Water, like plants, has a way of soothing and calming us, sustaining us, and transporting us back to the children we once were. I remember days spent lying about on this plaza outside Orchestra Hall with friends, like me, just out of college and daydreaming of where we would find ourselves in the years ahead. And then I thought of other such “watering holes” that had crossed my path in the years since — a rill that bisected the courtyard at the Alhambra or another that ran through the gravel garden of Hollister House Garden, a reflecting pond at the Garden of the Golden Pavilion in Kyoto, the pool at the Beverly Hills Hotel, or just simply footage from a Tarantino film of the pool at the Playboy Mansion (which oddly seemed to symbolize humankind’s need for solace in changing times – a peace that was about to be broken in the fateful months leading up to the Manson murders.) Water comforts us. It helps us to find peace and to feel like the answers to our questions are near. Rain, often an answer to our prayers for our desiccated landscapes, calms our nerves as well, provided it does not come down at a rate of six inches per hour or go on for forty days and nights.
As I sat awaiting the vet’s opinion, I found myself floating back again and again to Peavey Plaza, with its rectilinear fountains sending water cascading into pools below and also into its long rectangular shallow pool where children splashed the week before on a hot summer afternoon. This image, like something out of a favorite film, brought with it a rush of joy and the odd comfort that all will be right with the world.

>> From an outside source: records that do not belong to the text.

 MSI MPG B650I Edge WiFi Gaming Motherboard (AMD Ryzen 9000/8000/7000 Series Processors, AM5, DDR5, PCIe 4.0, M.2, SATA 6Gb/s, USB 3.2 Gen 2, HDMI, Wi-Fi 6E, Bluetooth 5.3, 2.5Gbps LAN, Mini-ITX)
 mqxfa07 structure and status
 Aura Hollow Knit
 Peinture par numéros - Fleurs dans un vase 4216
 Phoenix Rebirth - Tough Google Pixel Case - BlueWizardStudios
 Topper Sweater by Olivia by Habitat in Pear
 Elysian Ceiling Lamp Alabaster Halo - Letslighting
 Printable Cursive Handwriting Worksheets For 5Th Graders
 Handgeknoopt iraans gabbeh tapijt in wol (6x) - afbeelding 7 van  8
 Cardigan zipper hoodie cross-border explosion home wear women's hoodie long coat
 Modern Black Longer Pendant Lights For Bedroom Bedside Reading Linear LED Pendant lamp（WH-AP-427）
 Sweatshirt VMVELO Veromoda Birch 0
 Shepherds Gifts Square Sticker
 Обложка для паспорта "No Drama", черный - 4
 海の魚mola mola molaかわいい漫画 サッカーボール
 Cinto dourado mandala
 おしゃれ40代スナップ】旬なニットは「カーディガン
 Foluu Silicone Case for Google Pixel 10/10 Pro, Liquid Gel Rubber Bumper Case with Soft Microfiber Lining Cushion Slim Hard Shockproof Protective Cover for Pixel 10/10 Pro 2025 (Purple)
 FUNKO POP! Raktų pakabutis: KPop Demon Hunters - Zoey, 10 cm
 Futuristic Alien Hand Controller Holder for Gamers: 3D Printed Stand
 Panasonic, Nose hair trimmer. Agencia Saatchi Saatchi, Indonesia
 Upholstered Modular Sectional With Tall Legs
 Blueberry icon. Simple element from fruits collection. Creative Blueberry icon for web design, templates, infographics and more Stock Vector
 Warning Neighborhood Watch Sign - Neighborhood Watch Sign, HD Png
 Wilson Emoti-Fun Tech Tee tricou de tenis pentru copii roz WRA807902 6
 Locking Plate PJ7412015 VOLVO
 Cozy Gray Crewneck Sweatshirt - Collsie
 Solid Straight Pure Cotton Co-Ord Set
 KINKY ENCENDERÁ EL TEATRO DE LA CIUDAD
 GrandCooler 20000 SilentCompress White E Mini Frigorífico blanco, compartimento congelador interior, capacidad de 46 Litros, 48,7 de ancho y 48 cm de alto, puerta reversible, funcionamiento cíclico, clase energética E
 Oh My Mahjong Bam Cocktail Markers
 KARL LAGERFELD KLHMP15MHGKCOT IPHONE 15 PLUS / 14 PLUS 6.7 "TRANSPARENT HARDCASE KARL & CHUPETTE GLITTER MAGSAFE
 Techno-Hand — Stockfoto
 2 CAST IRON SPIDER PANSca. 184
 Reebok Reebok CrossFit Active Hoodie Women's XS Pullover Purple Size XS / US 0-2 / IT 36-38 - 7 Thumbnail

While Peavey Plaza has some plantings of sculptural pines and an overstory of deciduous trees, it is the elements of stone and water that give the site its genius. The juxtaposition of stone and water works to heighten the quality of each element: one solid, permanent and impenetrable, and the other liquid, fleeting and amorphous with an ability to capture light and refract it in a million ways. The plants, set along the outskirts of the plaza, seem like a hybrid of these two elements, at once solid and grounded, but also evolving through time and creating light and shadow throughout the seasons. The concrete nature of the site is mitigated and transmogrified by the rushing and dancing water, just as Fred is at once grounded and real, yet ephemeral and nothing more than a spirit dancing through my life.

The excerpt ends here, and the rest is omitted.